At the time of the offering, the stock’s first-day surge was the biggest since the 2008 financial crisis among US listings that raised $200 million or more, with Beyond Meat Chief Executive Officer Ethan Brown being criticized by some on whether the IPO was priced too cheap.
Today, that sounds like a good problem to have. Shares currently are trading below the IPO price of $25. The pact with Kardashian comes less than two weeks after shares dipped below the key level for the very first time on first-quarter revenue that missed Wall Street’s expectations.
“When you have a year like 2021, when sales growth for alternative meat products slowed substantially, there was a bit of a reaction that the potential for plant-based alternatives was overblown,” Bloomberg Intelligence analyst Jennifer Bartashus said in an interview. “There has been a challenging backdrop of supply chain issues, input cost inflation, labor costs rising and a flood of new competitors on the market.”
A spokesperson for Beyond Meat declined to comment.
As the stock peaked in July of 2019, holders including Brown, Chief Financial Officer Mark Nelson and Chief Growth Officer Charles Muth sold about $600 million of stock in a secondary offering at $160 per share, more than triple the size of the company’s IPO. Selling restrictions linked to the IPO were waved to allow for the deal to occur just a few months after the listing. The company only sold 250,000 shares in the secondary offering, meaning it largely missed out on the financing opportunity at the higher valuation.

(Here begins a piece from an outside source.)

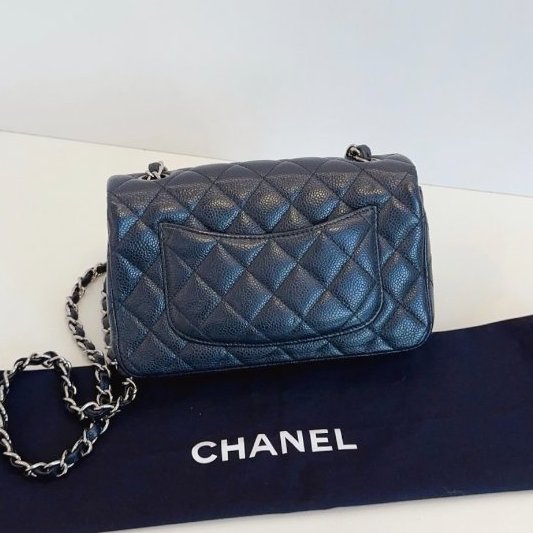 香奈兒/Chanel 魚子醬荔枝皮Classic CF大mini鏈條包-1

Beyond Meat might represent one of the greatest falls from grace for the high-flying IPOs minted during the bull market of recent years, but it isn’t alone. Poshmark Inc. popped by 142% in its debut session and is now trading at one-quarter of its January 2021 IPO price. Snap Inc. surged by 44% on its first day in 2017, pushing the stock above its current levels five years later due to a new profit warning from the firm. Other erased pops, like those in Beyond Meat peer Oatly Group AB — have recently reminded investors how fleeting early price moves can be.